Segment Open

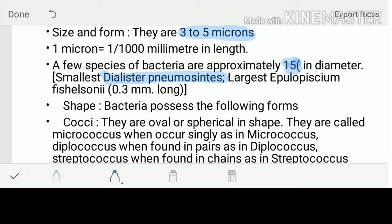The largest bacterium is Epulopiscium fishelsoni, which is 0.3 mm long.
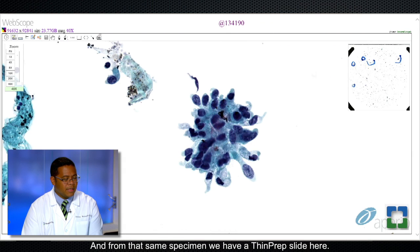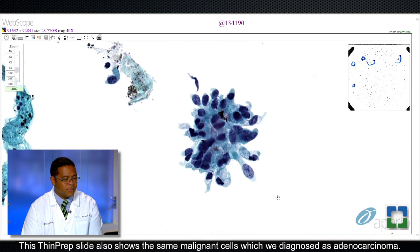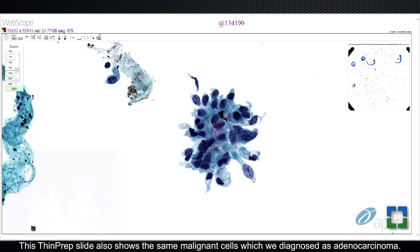From that same specimen, we have a thin prep slide here. This thin prep slide also shows the same malignant cells, which we diagnosed as adenocarcinoma. With the cell block specimen, we were able to perform immunohistochemistry stains of TTF1 and Napsin, which were positive. That confirmed our diagnosis of adenocarcinoma.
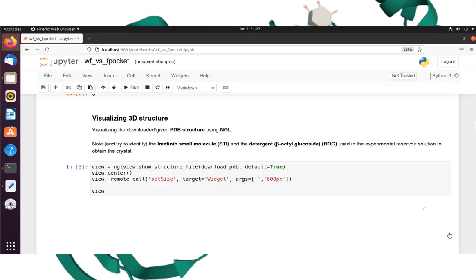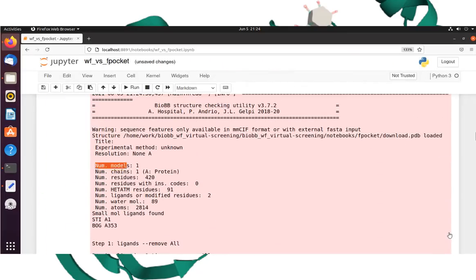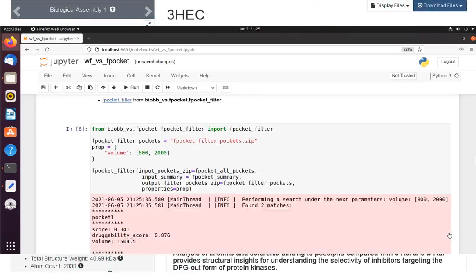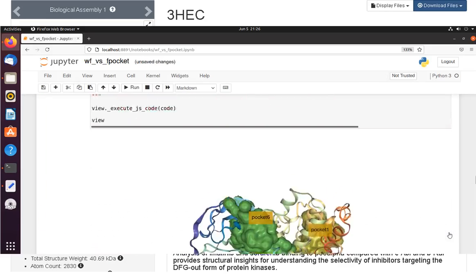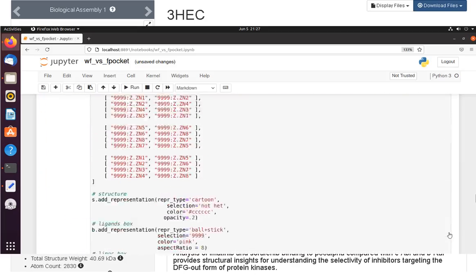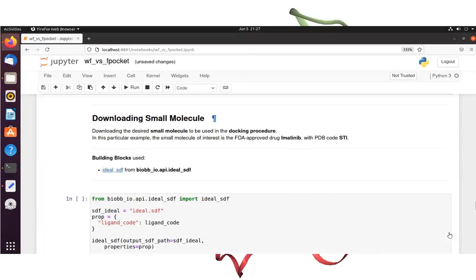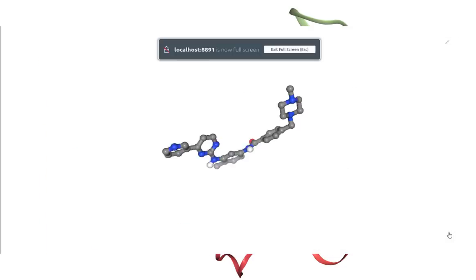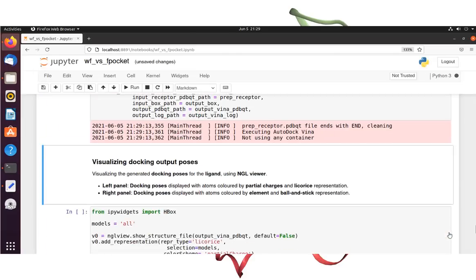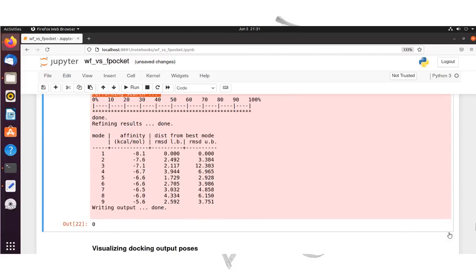Hello everyone. Using the BioXcel building block library, we will walk through the process of protein-ligand docking step by step today. The mitogen-activated protein kinase 14 is a well-known protein kinase enzyme, shown in association with the FDA-approved imatinib. Imatinib is a small chemical kinase inhibitor used to treat cancer. The lecture will walk you through identifying the active site cavity and predicting the protein-ligand combination without any prior knowledge.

Segment Closed

Nothing but the lines from the one containing "From that same" through the last line of the data should appear in the answer, copied exactly, with pictures excluded.

> _SOLUTION TO THIS TASK_
From that same specimen, we have a thin prep slide here. This thin prep slide also shows the same malignant cells, which we diagnosed as adenocarcinoma. With the cell block specimen, we were able to perform immunohistochemistry stains of TTF1 and Napsin, which were positive. That confirmed our diagnosis of adenocarcinoma.
Hello everyone. Using the BioXcel building block library, we will walk through the process of protein-ligand docking step by step today. The mitogen-activated protein kinase 14 is a well-known protein kinase enzyme, shown in association with the FDA-approved imatinib. Imatinib is a small chemical kinase inhibitor used to treat cancer. The lecture will walk you through identifying the active site cavity and predicting the protein-ligand combination without any prior knowledge.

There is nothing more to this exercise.